# Directions
Everything in the records below except the pictures must be written out exactly.

Data section Start Marker

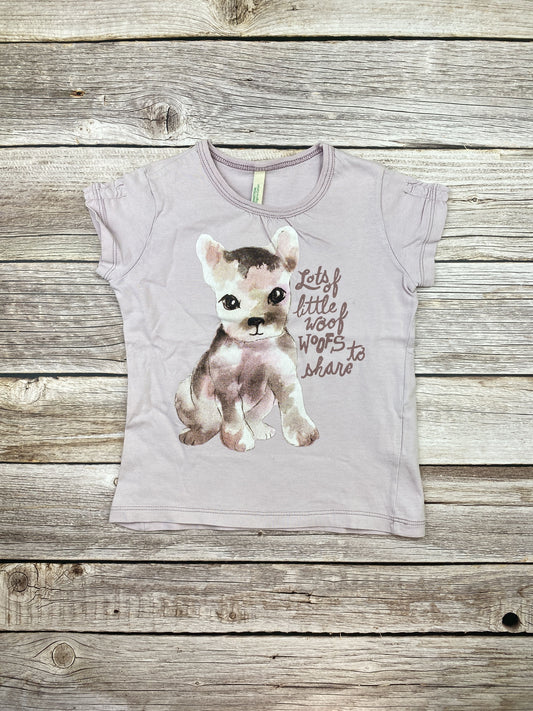 T-shirt manica corta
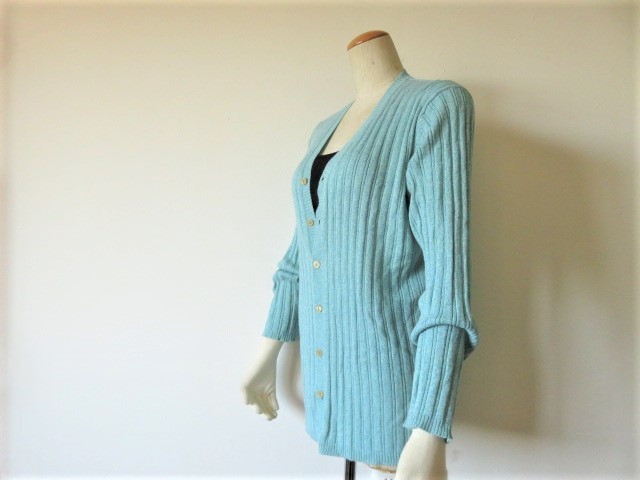 # as good as new fine quality beautiful goods Rena un look [KEITH] Keith high class cardigan large size 17 number 4L 3L postage 198 jpy W910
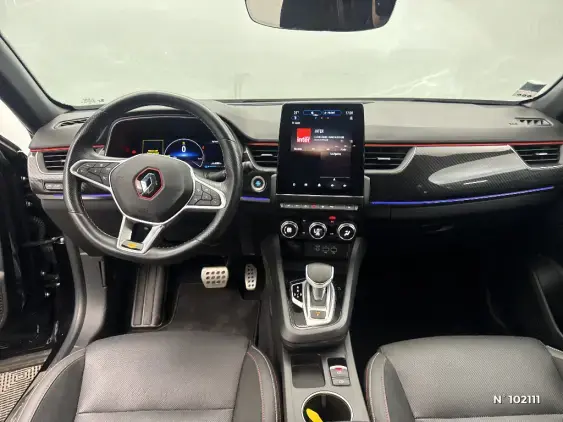 RENAULT ARKANA - voiture d'occasion - Photo 9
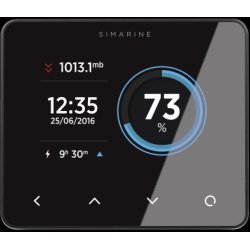 Simarine Pico One batterimonitor sort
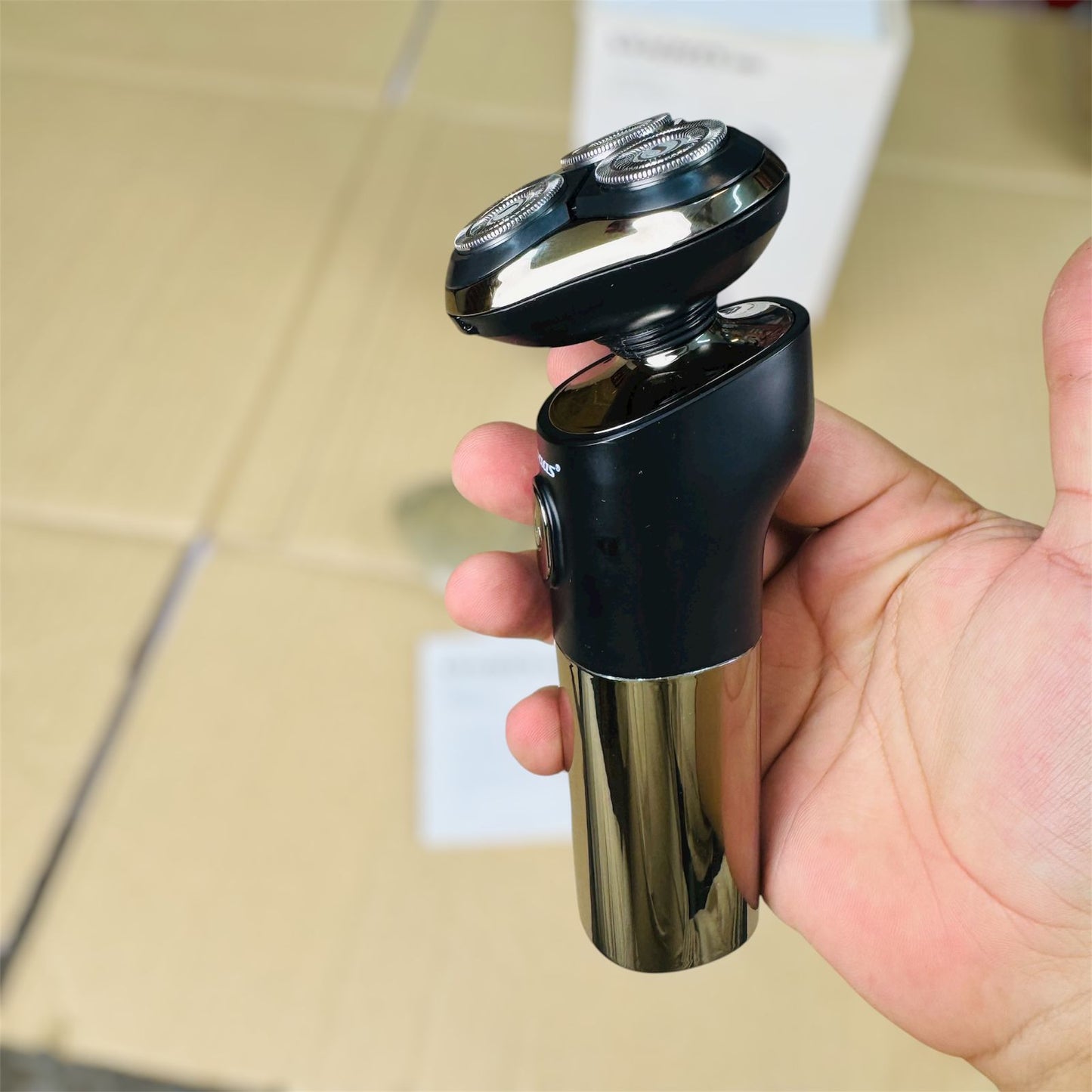 Voaas korea Washable Electric Shaver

Data section End Marker

# Answer area
 T-shirt manica corta
 # as good as new fine quality beautiful goods Rena un look [KEITH] Keith high class cardigan large size 17 number 4L 3L postage 198 jpy W910
 RENAULT ARKANA - voiture d'occasion - Photo 9
 Simarine Pico One batterimonitor sort
 Voaas korea Washable Electric Shaver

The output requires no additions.